O texto do Concílio Vaticano II fala de ouvir com mais frequência a palavra de Deus e entregarem-se mais à oração. É um tempo de voltar-se mais para dentro de si mesmos. E o nosso olhar para dentro se dá sempre com um olhar para Cristo, para Ele, nunca para o nada ou para a “respiração” que temos. De fato, a conversão cristã é sempre uma mudança a partir do evangelho, nem somente uma conversão moral, mas é conversão para Deus, pois do contrário, não se pensa segundo Deus, mas segundo os homens. Temos algo bem importante aqui: a conversão da pessoa tem um ponto de referência. Sempre será Cristo e seu ensinamento. Por isso, o segredo é a oração. Quem reza todos os dias, sabe que o caminho para sua vida vem daí, de Deus. Não é somente um desejo pessoal. A oração será diálogo com este que vem a nós e nos convida a reconhecê-lo e conversar com ele. Claro, a Quaresma torna-se uma escola de purificação e iluminação. As palavras de Jesus, “convertam-se ao evangelho” (Mc 1,15), são claras para nós. Elas nos conduzem a que tenhamos a acolhida da proximidade de Deus, que pede que nos reconciliemos, por amor, a Ele e, como consequência, aos irmãos e irmãs.
A duração dos quarenta dias é essencialmente simbólica. A tipologia bíblica dos quarenta dias sempre esteve presente: o jejum dos quarenta dias de Jesus Cristo; os quarenta anos transcorridos pelo povo de Deus no deserto; os quarenta dias em que Moisés esteve no Monte Sinai; os quarenta dias durante os quais Elias, fortificado pelo pão cozinho sob as cinzas e pela água, chegou ao monte de Deus, o Horeb e os quarenta dias nos quais Jonas pregou a penitência aos habitantes de Nínive. Os quarenta dias são desde a Quarta-feira de Cinzas até o dia da Ceia do Senhor, na Quinta-feira Santa.
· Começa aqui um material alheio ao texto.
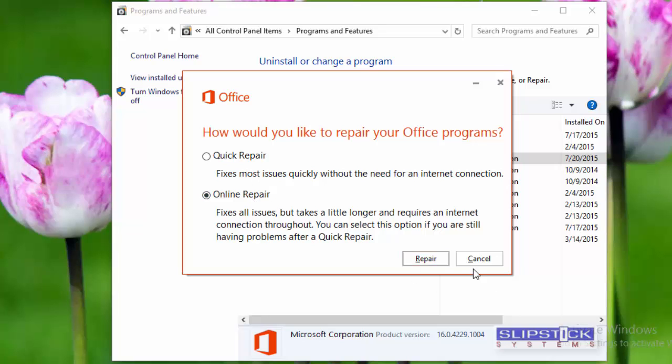After you select your repair type, click Repair and let it run. It can take a few minutes to maybe an hour or so.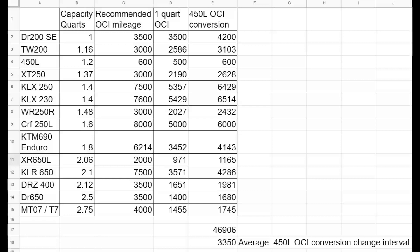The one quart oil change interval is calculated by dividing the recommended oil change mileage by the oil capacity of the bike. So that tells you in theory how long one quart of oil should last based on what the manufacturer recommends the oil will be changed at. Taking the one quart oil change interval and multiplying it by 1.2 quarts, which is how much oil the 450 L holds, that gives me the 450 L's oil conversion number. So like the DR 200, one quart of oil recommended to be changed every 3,500 miles. So one quart of oil is good for 3,500 miles according to Suzuki for the DR 200. So if you have 1.2 quarts of oil, you should in theory be able to run that out to 4,200 miles.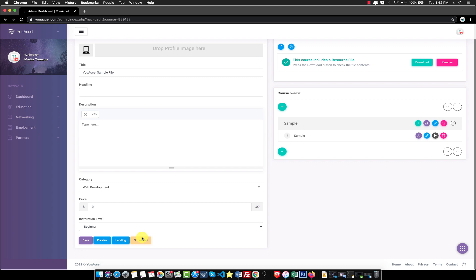That's all there is to it. Please feel free to contact us at any time if you require assistance with the process.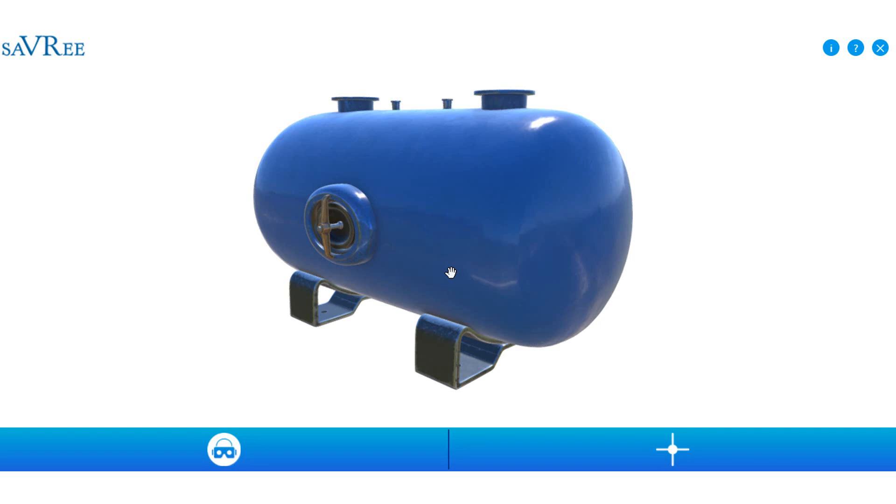I should also mention that the fusible plug design for boilers is slightly different to the one that I've used here for compressed air systems, but the principle is more or less the same.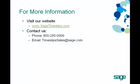To learn more, visit our website at sagetimeslips.com or contact us at the phone number or email displayed on the screen.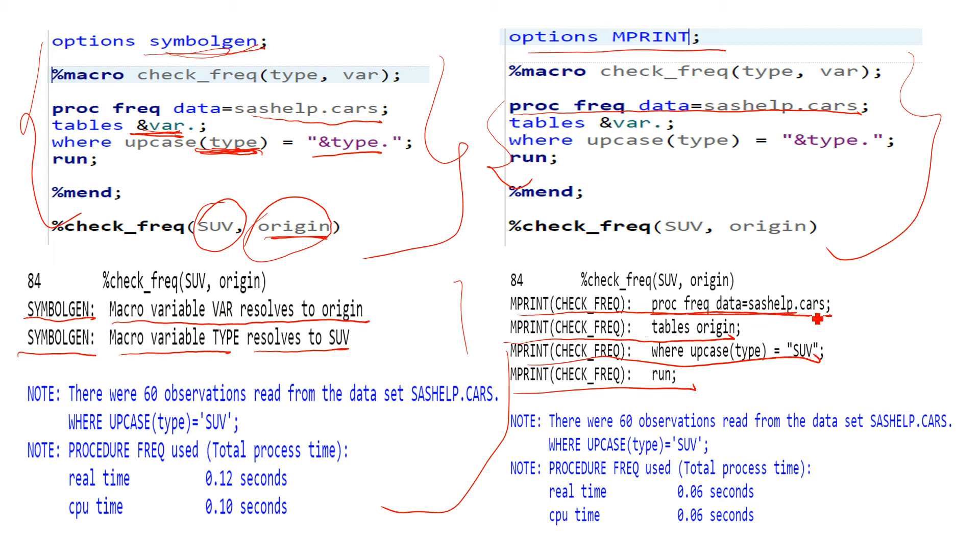...MPRINT prints the entire program which you have used in macro in the regular SAS language. If you see, it has printed all of the program including the value which you passed to the macro variables.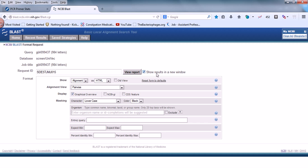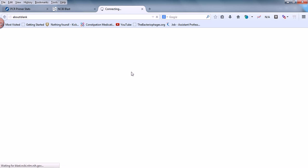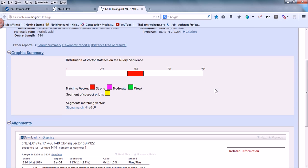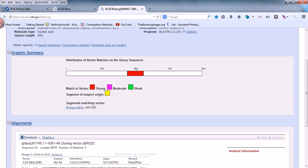Click 'Show results in new window' — it's always good to view results in a new window — then click View Reports. It takes very little time and gives you the results. The description shows Mustela vision GT dinucleotide repeat sequence on chromosome number seven, with a query length of 984.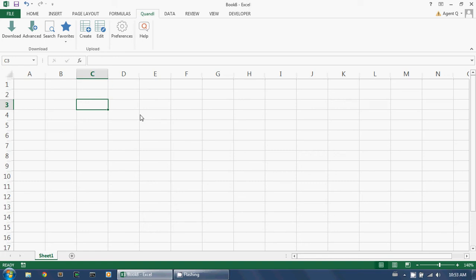This is a brief introduction to some of the advanced data download options available to you when using the Quandl Excel add-in. By default, the Quandl Excel add-in delivers all historical data available for any given data set in unmodified format to you.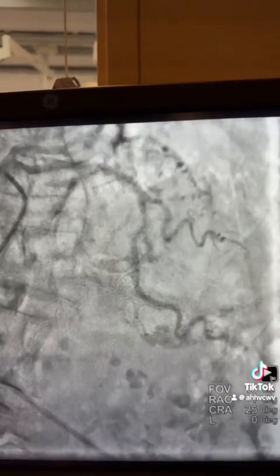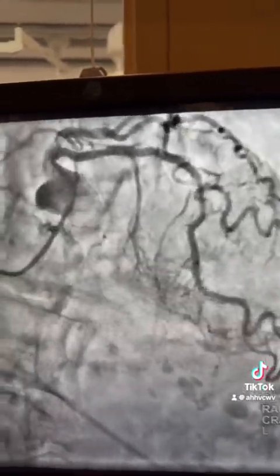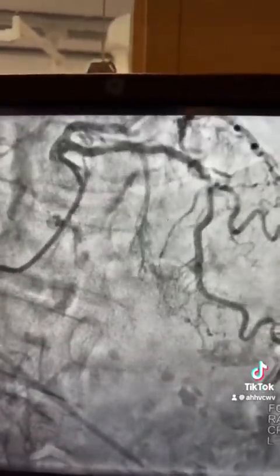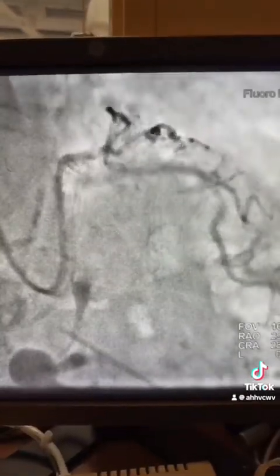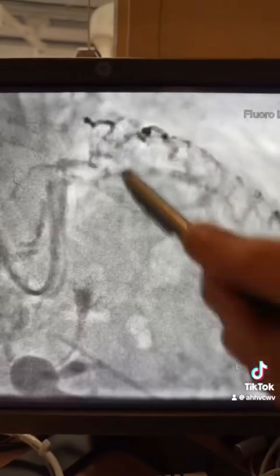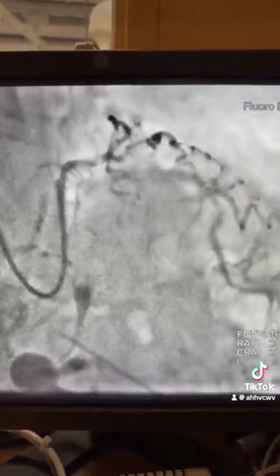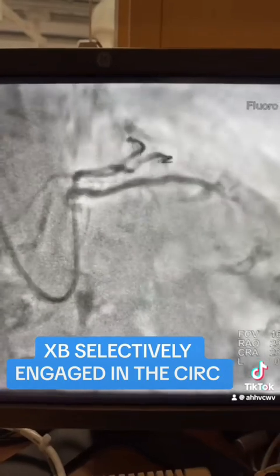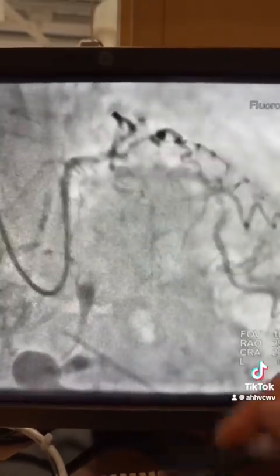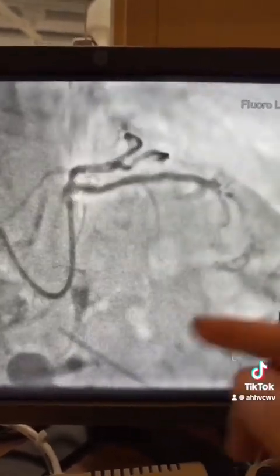As you see here, this lady is about 80-90 years old, the left main will be short. Using the XB guide, the wire went toward the circumflex as you see here — it's more engaged in the circ. So do not pull the wire, otherwise you lose the guide. Keep the wire in.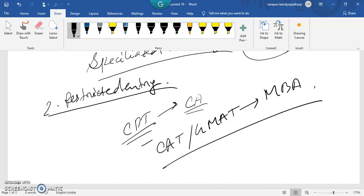This topic — management as a profession — is not yet complete. In the next lecture, lecture number 11, I am going to complete this particular topic.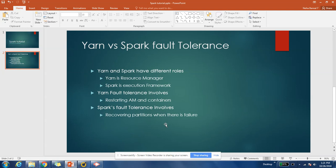How is Spark fault tolerant? Spark is fault tolerant in terms of execution. You have given some transformations and actions to run on data, and if while executing, one of the executors fails, Spark knows the lineage of that RDD. Using that lineage, it can recover the partitions which were sitting on that particular failed executor. That's how Spark gives you fault tolerance.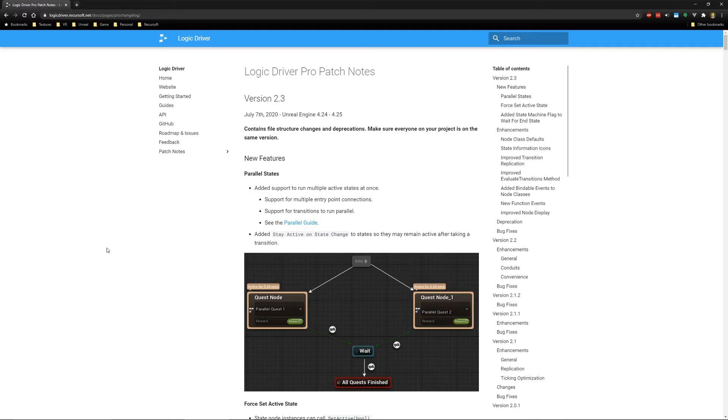Logic Driver Pro version 2.3 released earlier this week for Unreal 4.24 and 4.25, and this is the Parallel States update, which lets you run more than one active state at a time.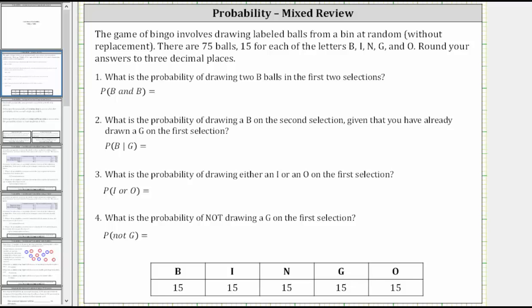The game of bingo involves drawing labeled balls from a bin at random without replacement. There are 75 balls, 15 for each of the letters B, I, N, G, and O, which I have shown here below. Again, we have five letters, and each letter has 15 balls.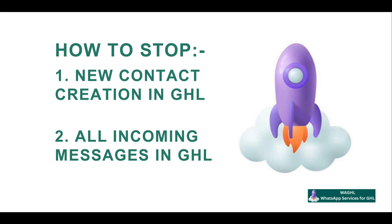Hi, welcome everyone. Welcome to WAGHL. Today we will show you how to disable new contact creation and how to stop all incoming messages in GHL using our service.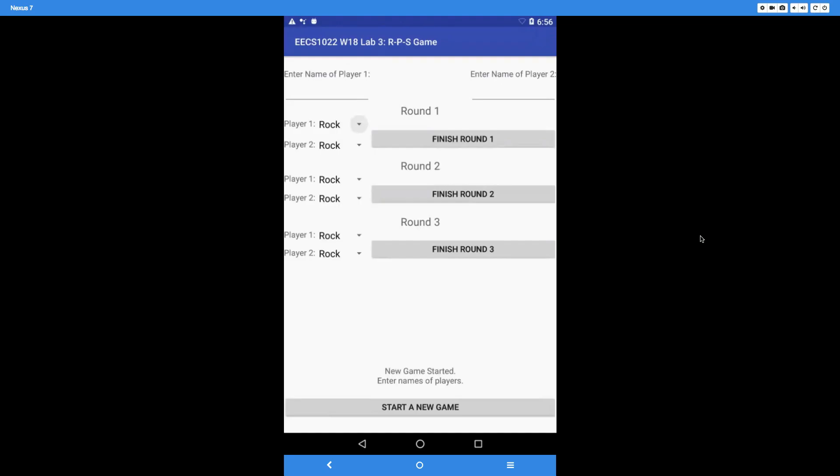In this lab, you're going to build an app for the Rock Paper Scissors game. If you look at the title of the game, it's going to be EECS 1022 W18 Lab 3 RPS game. The title must be the same as your app.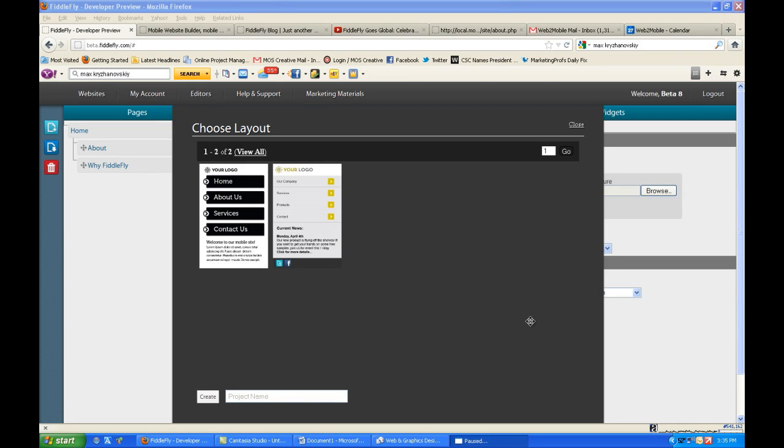Well, here we are. Our second generation FiddleFly is here. Just nine months after we launched the first one, we have Generation 2. So let's take a look at what this thing has to offer.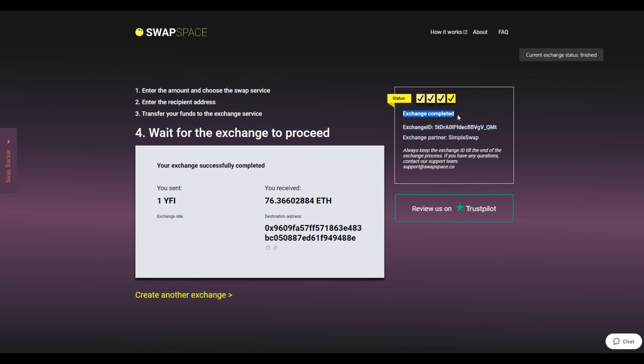And that's it. Now you've learned how to swap your YFI to Ether in a fast and easy way. Don't forget to leave a review on Trustpilot.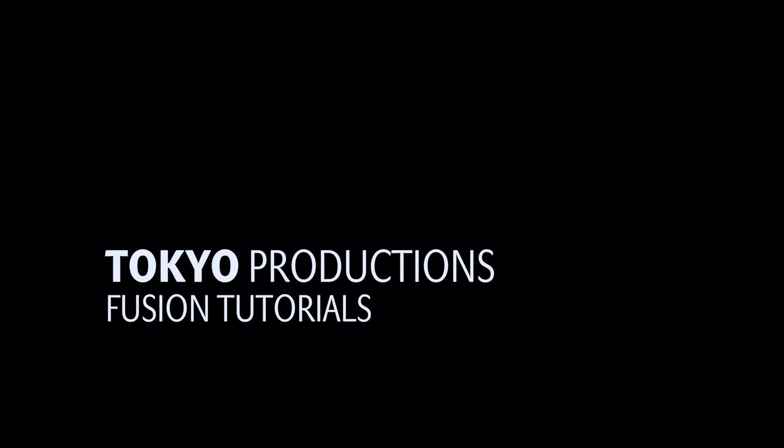Hi, this is Simon from Tokyo Productions and welcome to another tutorial for Blackmagic Fusion. Today we're going to be looking at the new 3D camera tracker in Fusion 9.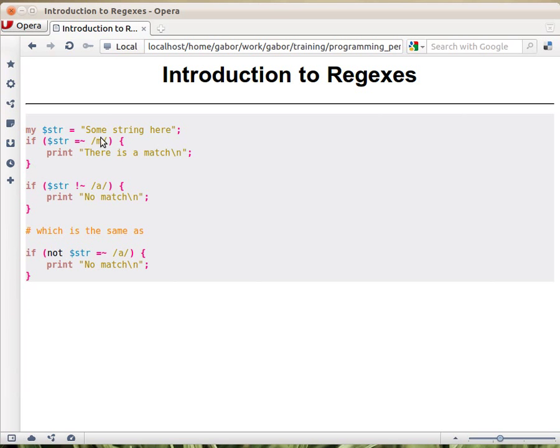The slashes are sort of like the quotation marks around regular strings. So here, in order to mark the beginning and the end of the string, we put quotation marks, double quotes. We could use single quotes, and a couple of other ways in Perl, right?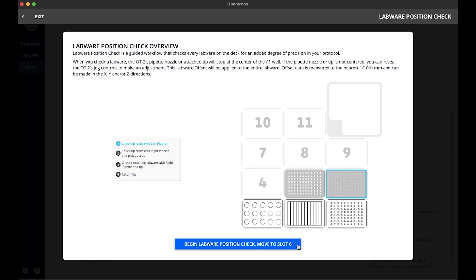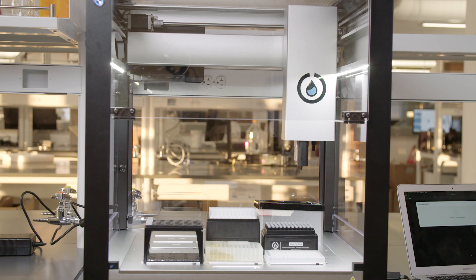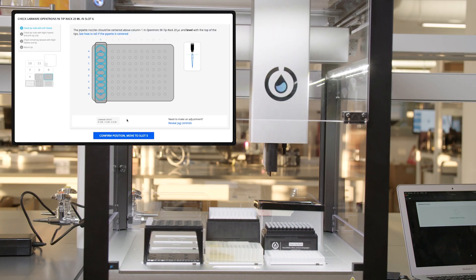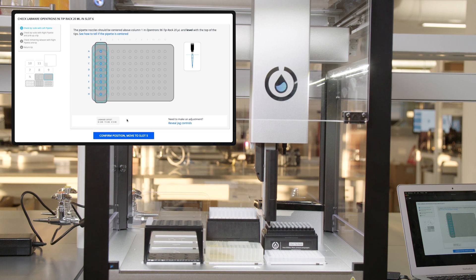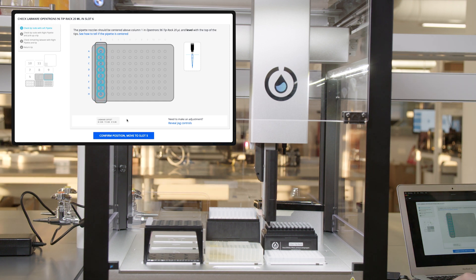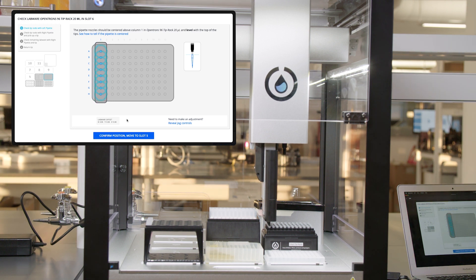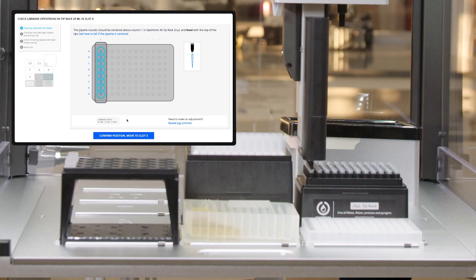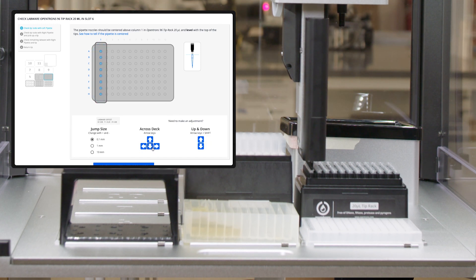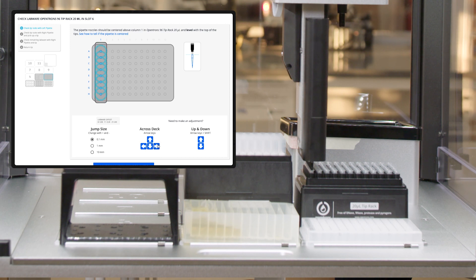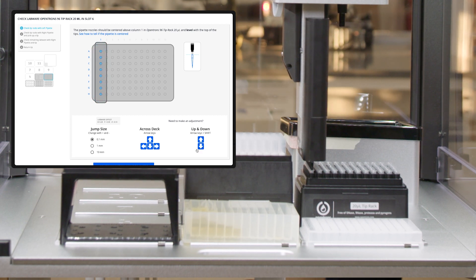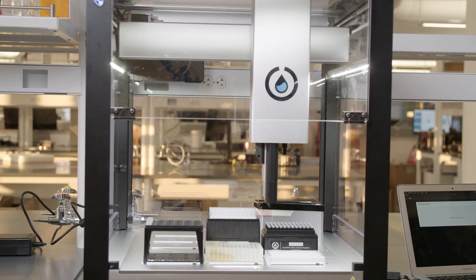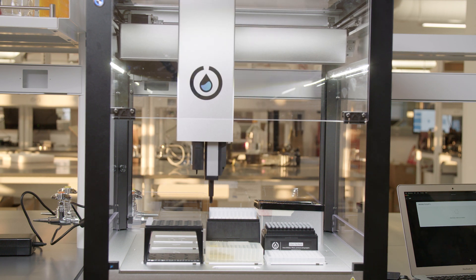Once I click begin labware position check, the OT2 will move the pipette to slot six in tip A1 and I'll need to position all the nozzles to be aligned with column one. Once the OT2 is over the tip rack, I need to confirm that all nozzles are in the correct location and aligned properly. If the channels are not perfectly aligned, I can click on reveal jog controls, which I will do because the pipette is minimally off. The jog controls will be displayed now. I'm going to quickly adjust my pipette so they are aligned. I will now confirm position.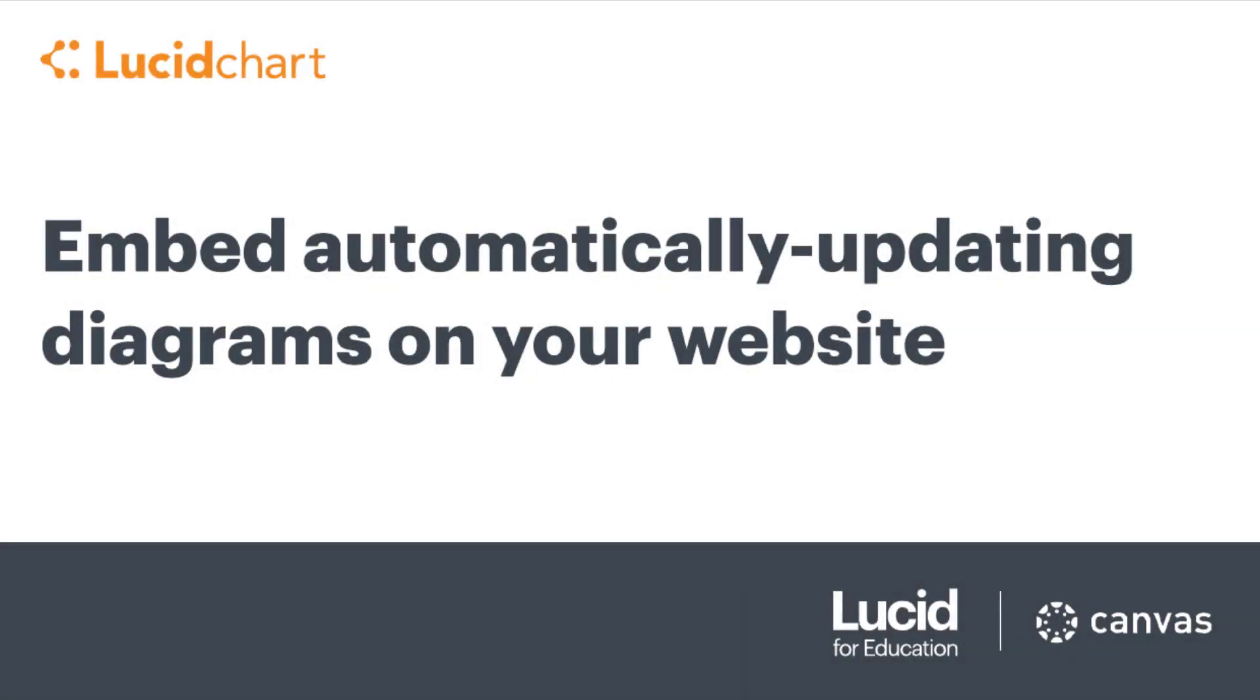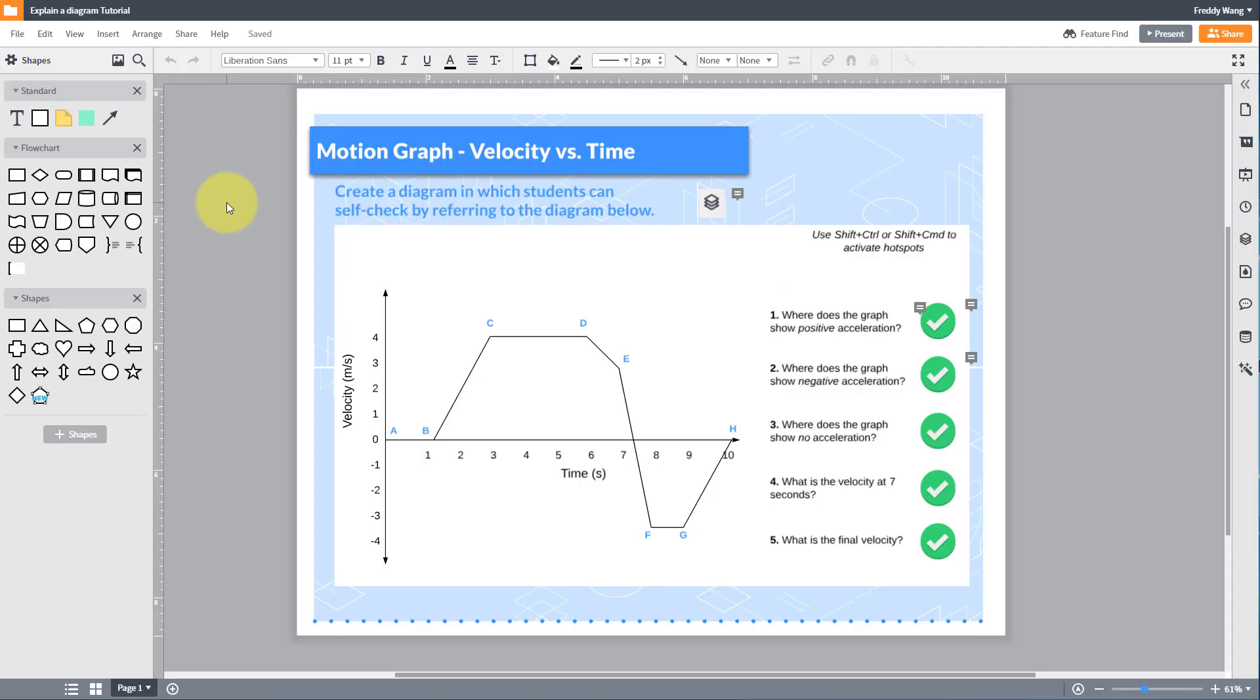In this tutorial, you'll learn how to embed your document on a website. Embedded diagrams will automatically update when you make edits in Lucidchart.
As obras da penitência quaresmal, a oração, o jejum e a esmola, são realizadas, sobretudo, num contexto mais interior. O jejum nos educa para vivermos uma pobreza interior, na disposição a Deus. A oração, já falada anteriormente, é local imprescindível da vida cristã, sem a qual não há caminho cristão. E a caridade é a que torna claro nosso desejo de mudança, sem nenhuma intenção pessoal, mas “não deve ser apenas interna e individual, mas também externa e social” (SC 110).